◆ How to complete this task: Reproduce, character for character, the lines below from the first through the one with "DreamBid. Zdjęcie 4.". Leave pictures out.

[Collected data — start]

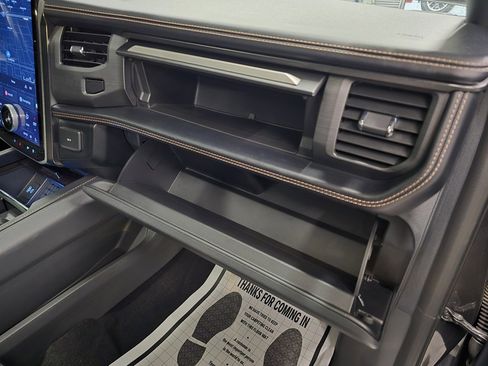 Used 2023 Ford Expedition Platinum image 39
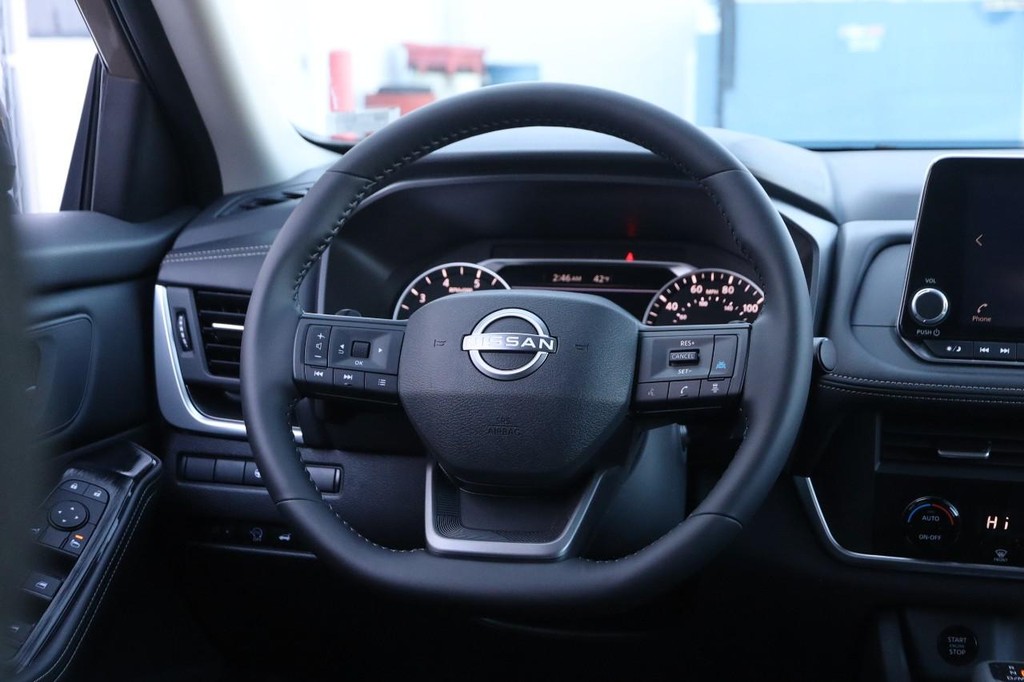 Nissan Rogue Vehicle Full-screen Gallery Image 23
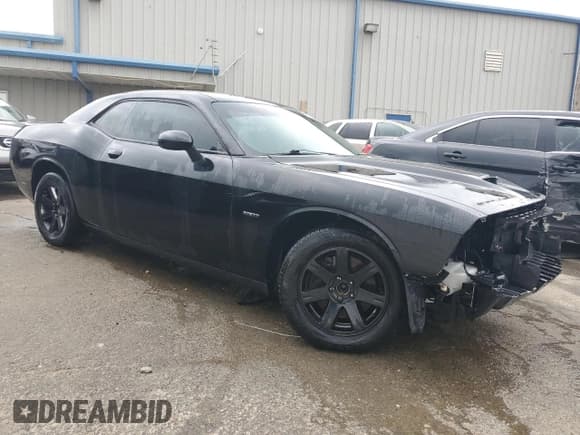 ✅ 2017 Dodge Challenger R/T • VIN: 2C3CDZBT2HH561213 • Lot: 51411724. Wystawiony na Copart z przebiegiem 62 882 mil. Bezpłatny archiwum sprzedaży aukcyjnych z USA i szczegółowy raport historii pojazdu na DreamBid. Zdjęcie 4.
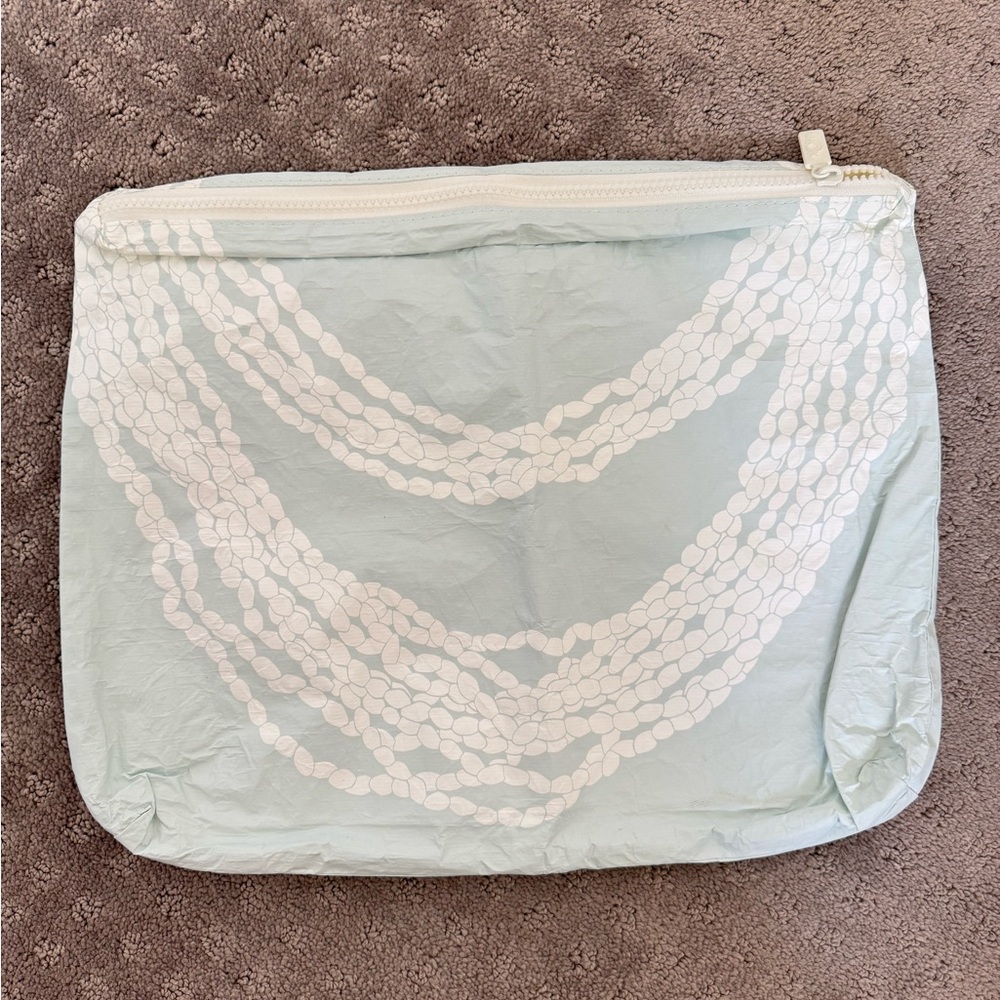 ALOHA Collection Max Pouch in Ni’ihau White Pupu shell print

[Collected data — finish]

◆ Reply:
 Used 2023 Ford Expedition Platinum image 39
 Nissan Rogue Vehicle Full-screen Gallery Image 23
 ✅ 2017 Dodge Challenger R/T • VIN: 2C3CDZBT2HH561213 • Lot: 51411724. Wystawiony na Copart z przebiegiem 62 882 mil. Bezpłatny archiwum sprzedaży aukcyjnych z USA i szczegółowy raport historii pojazdu na DreamBid. Zdjęcie 4.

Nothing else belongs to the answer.